İki adım birlikte
.
Türklerle Kürtler bin yıl bir arada yaşadılar, son doksan yıldır “savaş hâli” içindeydiler. Tekrar 1924 öncesine dönmemeleri, “helalleşerek“ yeni dünyada yerlerini birlikte almamaları için bir neden yoktur.
Abdullah Öcalan bunu anlattı, bunun yol haritasının esasını aktardı ve Diyarbakır’da Nevruz alanını dolduran bir milyon Kürt de, orada olmayan Kürtler de, bu yoldaki desteklerini açıkça tekrarladı.
İki ana unsur
Öcalan’ın ortaya koyduğu “siyasi perspektif“te iki ana unsur var. Silahlı mücadele dönemi bitmiştir, ama siyasi mücadele olacaktır, çünkü Kürtler ve bütün “Türkiye vatandaşları“ için demokrasi mücadelesi gerekiyor.
İkinci unsur da “Misak-ı Milli” tanımıyla anlatılıyor:
“Misak-ı Milli” belirtilen sınırlar içinde “tek vatan“dır, bunun altında bir sınır gerçekleşmiştir, ama “dostluk” yoluyla tekrar esas “misak-ı milli” gerçekleşebilir; Türklerle Kürtler birlikte bu yapıyı oluşturabilir.
Söylenen, “tek vatan“ın “misak-ı milli” üzerinden ve halkların “helalleşerek” tekrar kardeşlik-dostluk üzerinde birlikte bu “vatan”da yaşayabilmelerinin tanımıdır.

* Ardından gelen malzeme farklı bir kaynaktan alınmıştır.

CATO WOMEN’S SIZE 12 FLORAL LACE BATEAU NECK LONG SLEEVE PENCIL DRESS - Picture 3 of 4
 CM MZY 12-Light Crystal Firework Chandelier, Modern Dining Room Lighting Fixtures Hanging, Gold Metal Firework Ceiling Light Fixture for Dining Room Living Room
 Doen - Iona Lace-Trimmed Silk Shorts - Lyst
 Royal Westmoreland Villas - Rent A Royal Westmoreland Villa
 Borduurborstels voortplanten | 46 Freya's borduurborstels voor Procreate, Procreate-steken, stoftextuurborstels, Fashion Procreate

Siyasi perspektif “bağımsız Kürdistan” değil, halkların barış içinde, demokratik bir toplumda bir arada yaşamalarıdır.
İlk iki adım
Öcalan Nevruz mesajında, barış sürecinin iki adımını bir araya getirdi: Silahların susması ve silahlı güçlerin sınır dışına çekilmesi.
Bu çağrıda üçüncü adımın, “silahların bırakılması“nın da eklenmiş olmasını bekleyenler, isteyenler meseleyi tam bilmeyenler veya “muhalif” ses çıkarmış olmak için konuşanlardır.
“Silahların bırakılması“nda birçok “teknik” alt madde söz konusudur. Bunu yürütecek olan da Kandil‘dir ve bütün “teknik” meseleler burada çözülecektir.
Mevcut durumda, sınır dışına çekilme aşamasına gelindiğinde Başbakan’ın “sınır dışına çekilme oluyorsa zaten operasyonlara gerek yok“ sözü geçerlidir.
Eğer sınır dışına çekilme gerçekleşirken operasyonlar yapılır, Kuzey Irak bombalanırsa, bunun tek anlamı sürecin sabote edilmesi olacaktır. Askeri yetkililerin açıklaması ne olursa olsun böyle bir durumda, “çözüm karşıtları“ bayram edecek, Kandil barışa evet demiş olmalarına karşı kendilerini “ihanete uğramış” hissedecek, Kuzey Irak Kürtleri de zor durumda kalacaklardır.
Artık silahların patlamadığı bir ülke olmanın eşiğine gelirken, patlayan bombaların ne anlama geldiğini de bütün ülke çok açık görüyor.